Besides that, you need to remember that the object you retrieve with the lazy is not the object that was in the program's state when it was requested.
You'll get the object itself only when it will be used. This will be hard to debug later on if you get objects that are important to the program's state.
This does not appear to be using Lazy<T> for the purpose of saving creation/loading of an expensive object so much as it is to (perhaps unintentionally) be wrapping some arbitrary delegate for delayed execution.

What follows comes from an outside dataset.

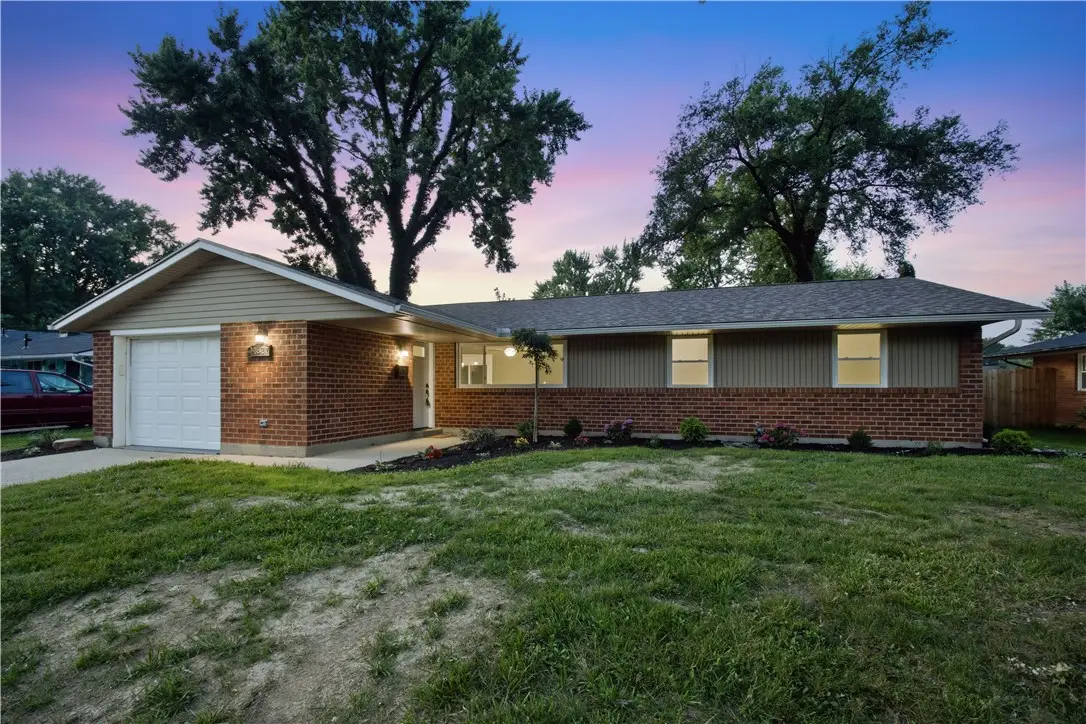 4877 Fishburg Road, Huber Heights, OH 45424 - #1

What you probably want/intend your derived property getters to return is a string, not a Lazy<string> object.
If the calling code looks like
string fileName = MicrosoftFormatName.Value;
then there is obviously no point, since you are "Lazy-Loading" immediately.
If the calling code looks like
var lazyName = MicrosoftFormatName; // Not yet evaluated
// some other stuff, maybe changing the value of DatFileName
string fileName2 = lazyName.Value;
then you can see there is a chance for fileName2 to not be determinable when the lazyName object is created.
It seems to me that Lazy<T> isn't best used for public properties; here your getters are returning new (as in brand new, distinct, extra) Lazy<string> objects, so each caller will (potentially) get a different .Value! All of your Lazy<string> properties depend on DatFileName being set at the time their .Value is first accessed, so you will always need to think about when that is initialized relative to the use of each of the derived properties.
See the MSDN article "Lazy Initialization" which creates a private Lazy<T> backing variable and a public property getter that looks like:
get { return _privateLazyObject.Value; }
What I might guess your code should/might like, using Lazy<string> to define your "set-once" base property:
// This is set up once (durinig object initialization) and
// evaluated once (the first time _datFileName.Value is accessed)
private Lazy<string> _datFileName = new Lazy<string>(() =>
{
string filename = null;
//Insert initialization code here to determine filename
return filename;
});
// The other 3 properties are derived from this one.
// Ends in .dat
public string DatFileName
{
get { return _datFileName.Value; }
private set { _datFileName = new Lazy<string>(() => value); }
}
private string DatFileBase
{
get { return Path.GetFileNameWithoutExtension(DatFileName); }
}
public string MicrosoftFormatName
{
get { return DatFileBase + "_m.fmt"; }
}
public string OracleFormatName
{
get { return DatFileBase + "_o.fmt"; }
}
Using Lazy for creating simple string properties is indeed an overkill. Initializing the instance of Lazy with lambda parameter is probably much more expensive than doing single string operation. There's one more important argument that others didn't mention yet - remember that lambda parameter is resolved by the compiler to quite complex structure, far more comples than string concatenation.
The other area that is good to use lazy loading is in a type that can be consumed in a partial state. As an example, consider the following:
public class Artist
{
public string Name { get; set; }
public Lazy<Manager> Manager { get; internal set; }
}
In the above example, consumers may only need to utilise our Name property, but having to populate fields which may or may not be used could be a place for lazy loading. I say could not should, as there are always situations when it may be more performant to load all up front.... depending on what your application needs to do.